А я — склонён над грудой книжной,
Высокий, сгорбленный старик,—
С одною думой непостижной
Смотрю на твой спокойный лик.
Да. Нас года не изменили.
Живём и дышим, как тогда,
И, вспоминая, сохранили
Те баснословные года…
Их светлый пепел — в длинной урне.
Наш светлый дух — в лазурной мгле.
И всё чудесней, всё лазурней —
Дышать прошедшим на земле.
1906
Кстати, эпитет «баснословные» — это ещё и отсылка. В некоторых изданиях стихотворение Блока публикуется с эпиграфом из Ф. И. Тютчева: «Я знал её ещё тогда, / В те баснословные года». Вот только у Тютчева картина складывается не особенно радужная:
Я знал её ещё тогда,
В те баснословные года,
Как перед утренним лучом
Первоначальных дней звезда
Уж тонет в небе голубом…
И всё ещё была она
Той свежей прелести полна,
Той дорассветной темноты,
Когда незрима, неслышна,
Роса ложится на цветы…
Вся жизнь её тогда была
Так совершенна, так цела,
И так среде земной чужда,
Что, мнится, и она ушла
И скрылась в небе, как звезда.
1861
Лирический герой Тютчева вспоминает о девушке, которая была «свежей прелести полна» — а потом что-то случилось, и милое создание превратилось в свою полную противоположность; девушку будто бы покинула сама жизнь. Но что произошло? Что-то трагическое? или просто захватила, закружила рутина, которой никому не избежать?
Скорее всего, второе. Но герой Блока спорит с распространённым мнением, что, мол, рутина убивает всё святое и высокое в человеке — и в том числе любовь. Нет, утверждает его лирический герой, «высокий, сгорбленный старик»: мало что может быть прекраснее, чем пройти вместе с близким человеком через все трудности. И любовь от этого только крепнет.

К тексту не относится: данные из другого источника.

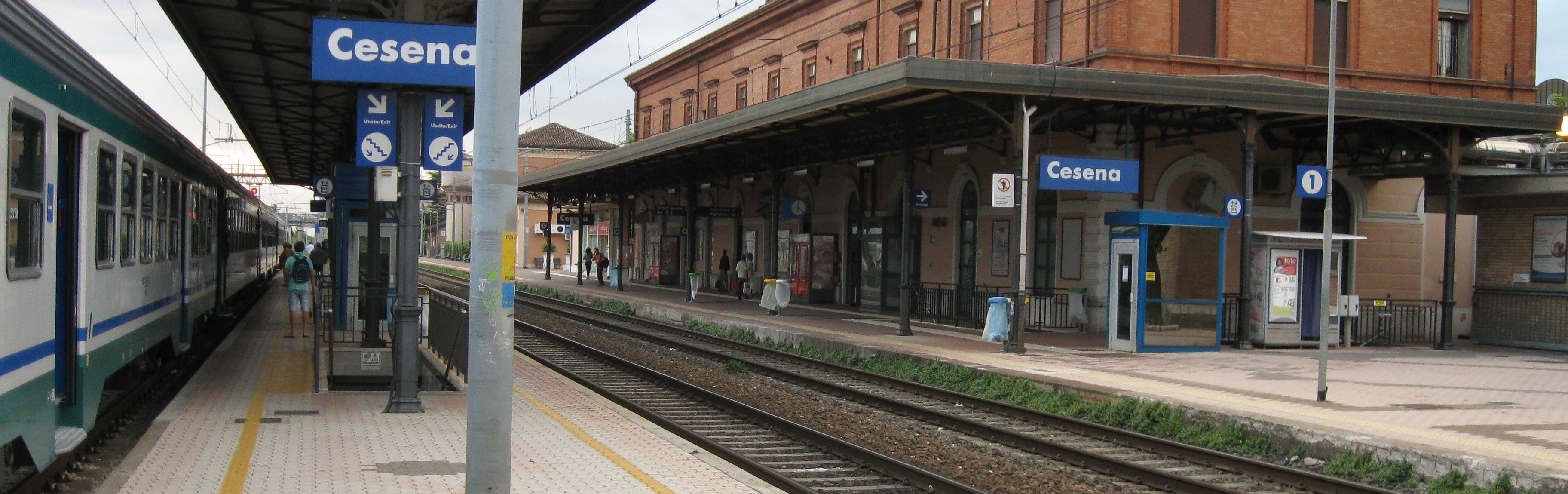 Train Station - Park and Ride Cesena flat.jpg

Философская лирика «увлекается» эпитетами в меньшей степени, чем пейзажная или любовная. Это понятно: здесь важнее не произвести впечатление на читателя, не нарисовать характер героя или переосмыслить произведение другого автора, а донести, не расплескав, идею. Но и здесь кое-какие эпитеты оказываются уместны.

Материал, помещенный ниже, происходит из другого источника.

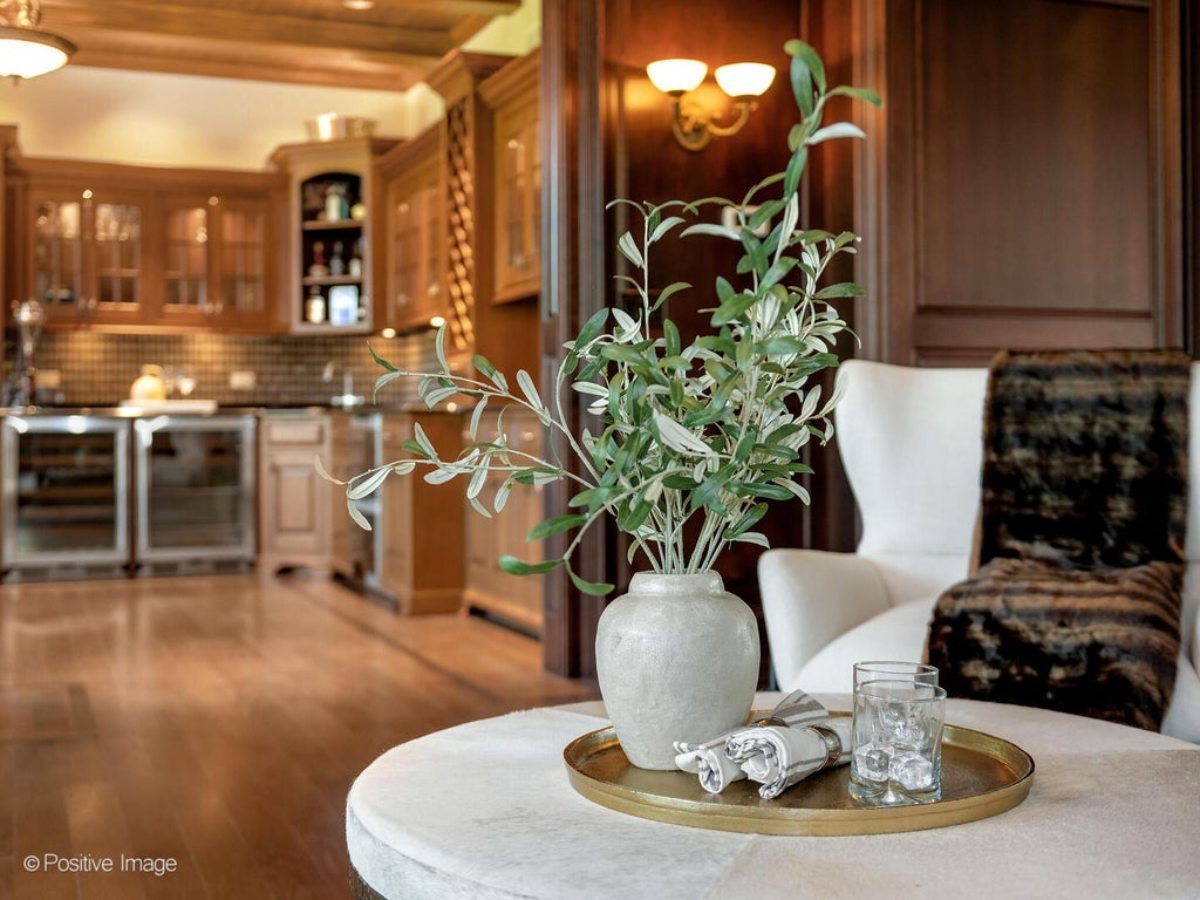 14,600 Sq. Ft. Mansion in Burr Ridge, IL ($4,950,000)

Не будем надолго покидать Тютчева — и процитируем его стихотворение «Цицерон»:
Оратор римский говорил
Средь бурь гражданских и тревоги:
«Я поздно встал — и на дороге
Застигнут ночью Рима был!»
Так!.. Но, прощаясь с римской славой,
С Капитолийской высоты
Во всём величье видел ты
Закат звезды её кровавый!..
Блажен, кто посетил сей мир
В его минуты роковые!
Его призвали всеблагие,
Как собеседника на пир.
Он их высоких зрелищ зритель,
Он в их совет допущен был —
И заживо, как небожитель,
Из чаши их бессмертье пил!
1829
Идея стихотворения довольно необычна. Казалось бы, любой человек тяготеет к спокойствию, стабильности... в общем, к таким условиям, когда можно не опасаться за свои жизнь, здоровье, материальное благополучие. Но лирический герой Тютчева с этим не согласен: он утверждает, что лучше «посетить сей мир» «в его минуты роковые». И приводит в пример Цицерона, который из-за политических интриг потерял всё: будучи самым знаменитым римским оратором, он оказался жертвой заговора Марка Антония, который приказал казнить Цицерона, да ещё и выставить его отрубленную голову на всеобщее обозрение.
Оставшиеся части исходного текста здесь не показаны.